_Study material:_
.....

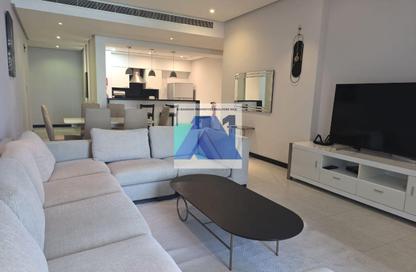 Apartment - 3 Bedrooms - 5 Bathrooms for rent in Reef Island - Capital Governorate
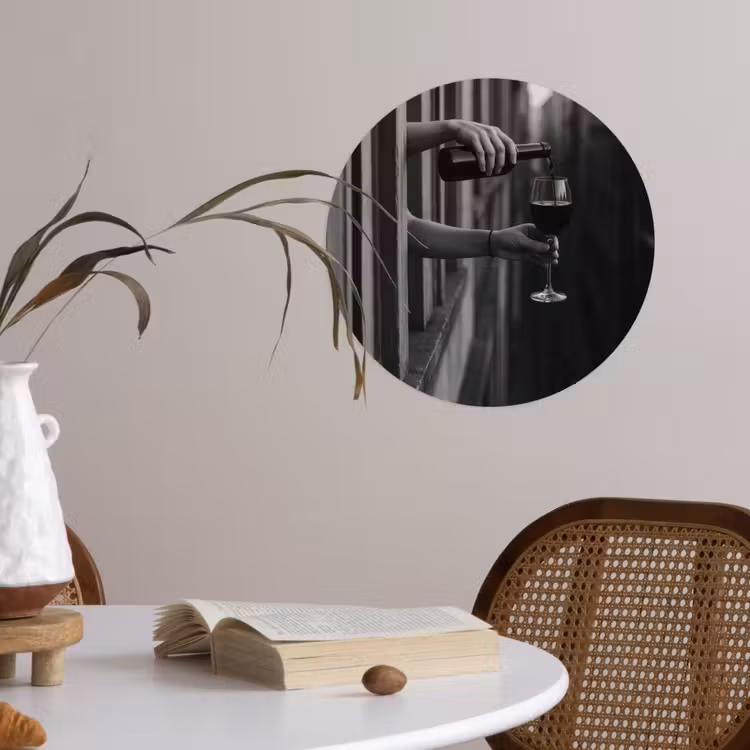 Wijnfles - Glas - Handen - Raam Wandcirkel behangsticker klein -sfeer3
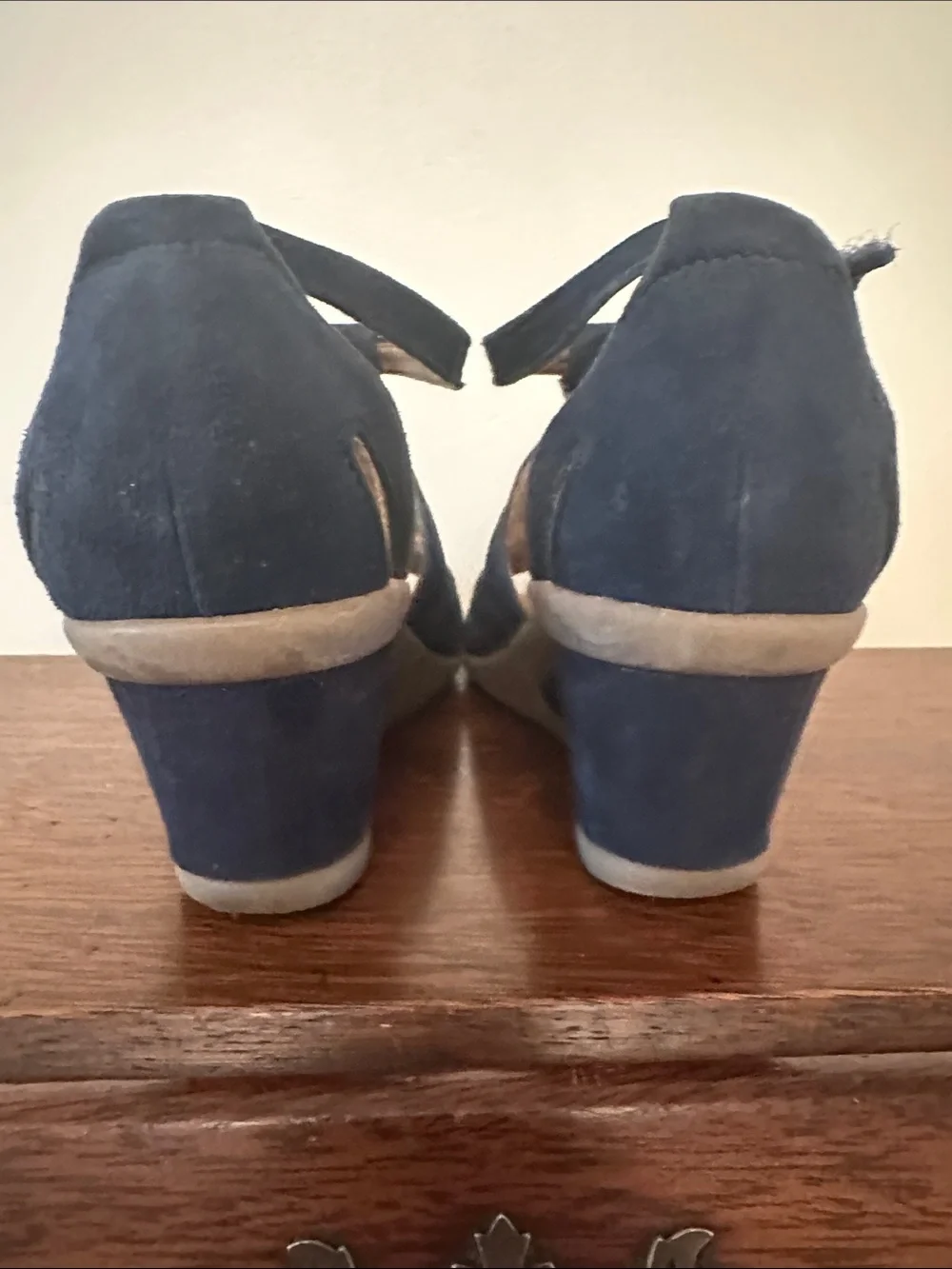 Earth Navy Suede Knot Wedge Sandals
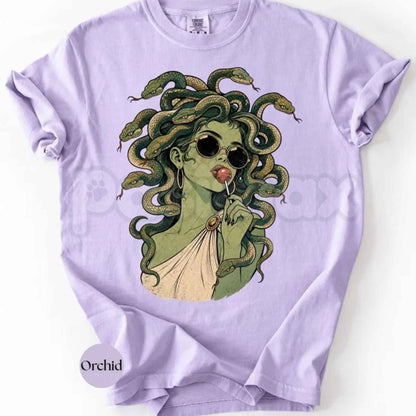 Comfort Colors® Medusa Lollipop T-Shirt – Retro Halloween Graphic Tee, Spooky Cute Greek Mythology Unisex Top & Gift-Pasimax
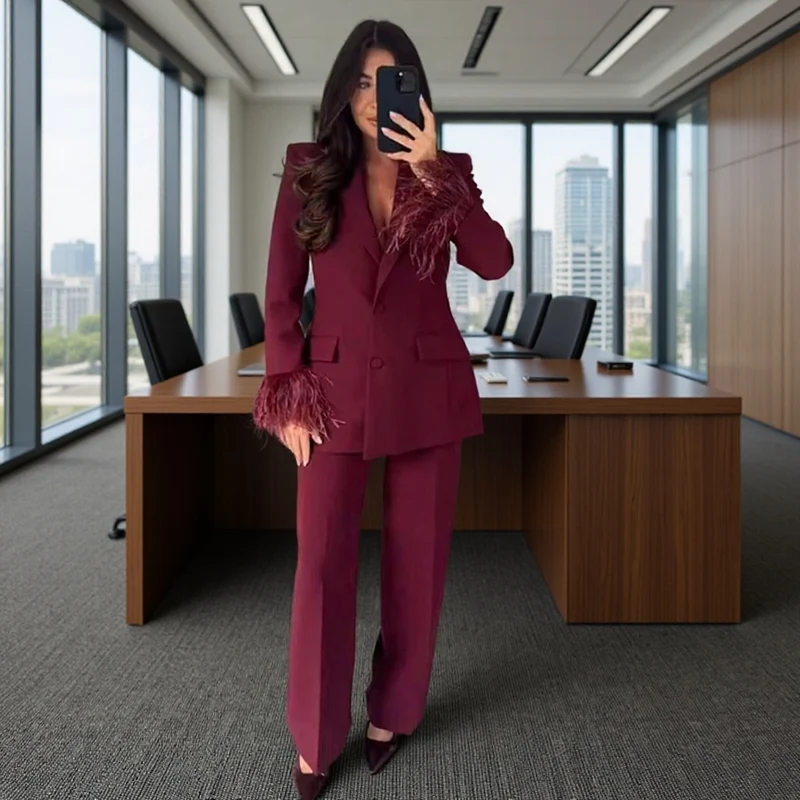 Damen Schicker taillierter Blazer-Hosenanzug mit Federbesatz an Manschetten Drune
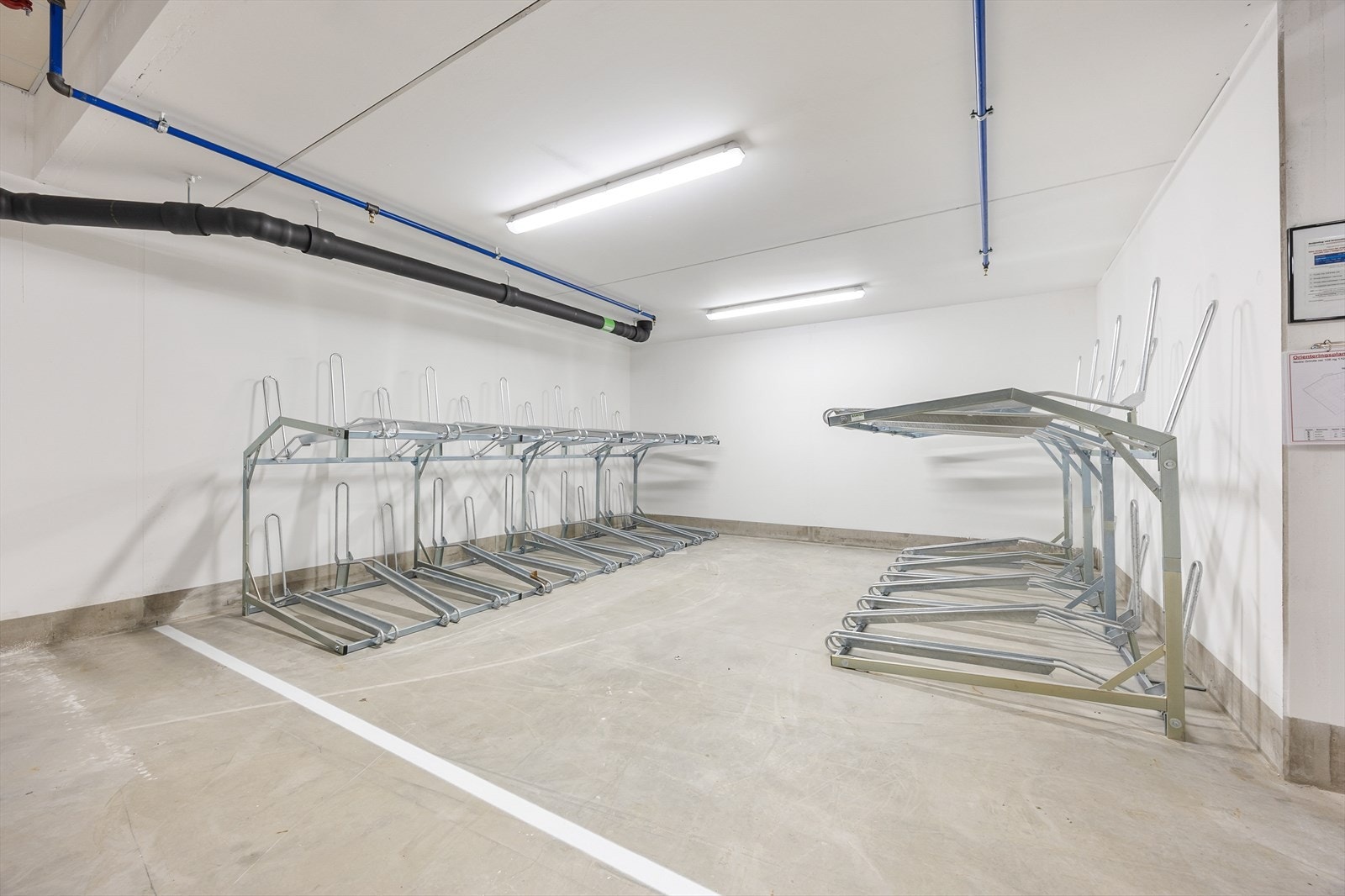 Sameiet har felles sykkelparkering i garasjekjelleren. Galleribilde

.....

_Work item:_ The result is an exact copy of the lines from the one holding "Damen Schicker taillierter" through the final line of the data above, both ends included, minus the pictures.

_Answer section:_
 Damen Schicker taillierter Blazer-Hosenanzug mit Federbesatz an Manschetten Drune
 Sameiet har felles sykkelparkering i garasjekjelleren. Galleribilde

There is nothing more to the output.